UBC Faculty Research and Publications

Distinct Functional Alterations and Therapeutic Options of Two Pathological De Novo Variants of the T292 Residue of GABRA1 Identified in Children with Epileptic Encephalopathy and Neurodevelopmental Disorders Chen, Wenlin; Ge, Yang; Lu, Jie; Melo, Joshua; So, Yee Wah; Juneja, Romi; Liu, Lidong; Wang, Yu Tian


Mutations of GABAAR have reportedly led to epileptic encephalopathy and neurodevelopmental disorders. We have identified a novel de novo T292S missense variant of GABRA1 from a pediatric patient with grievous global developmental delay but without obvious epileptic activity. This mutation coincidentally occurs at the same residue as that of a previously reported GABRA1 variant T292I identified from a pediatric patient with severe epilepsy. The distinct phenotypes of these two patients prompted us to compare the impacts of the two mutants on the receptor function and to search for suitable therapeutics. In this study, we used biochemical techniques and patch-clamp recordings in HEK293 cells overexpressing either wild-type or mutated rat recombinant GABAARs.

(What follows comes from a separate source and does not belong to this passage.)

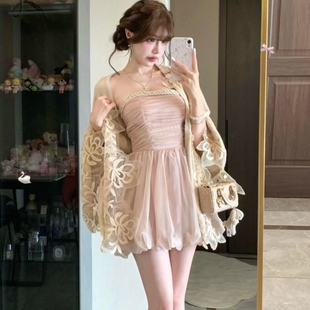 韩系高级感轻奢套装女秋冬蕾丝针织披肩收腰显瘦抹胸连衣裙两件套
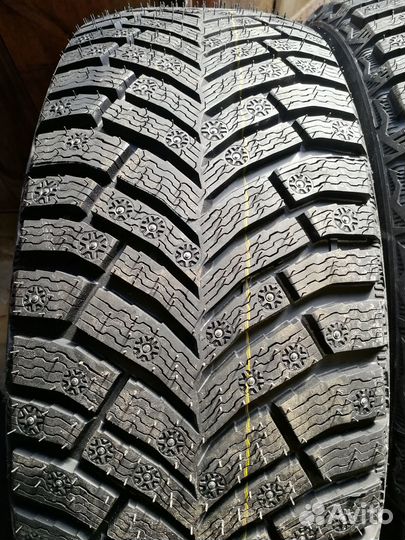 Michelin X-Ice North 4 205/55 R17 95T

We found that the α1T292S variant significantly increased GABA-evoked whole-cell currents, shifting the dose–response curve to the left without altering the maximal response. In contrast, the α1T292I variant significantly reduced GABA-evoked currents, shifting the dose–response curve to the right with a severely diminished maximum response. Single-channel recordings further revealed that the α1T292S variant increased, while the α1T292I variant decreased the GABAAR single-channel open time and open probability. Importantly, we found that the T292S mutation-induced increase in GABAAR function could be fully normalized by the negative GABAAR modulator thiocolchicoside, whereas the T292I mutation-induced impairment of GABAAR function was largely rescued with a combination of the GABAAR positive modulators diazepam and verapamil. Our study demonstrated that α1T292 is a critical residue for controlling GABAAR channel gating, and mutations at this residue may produce opposite impacts on the function of the receptors. Thus, the present work highlights the importance of functionally characterizing each individual GABAAR mutation for ensuring precision medicine.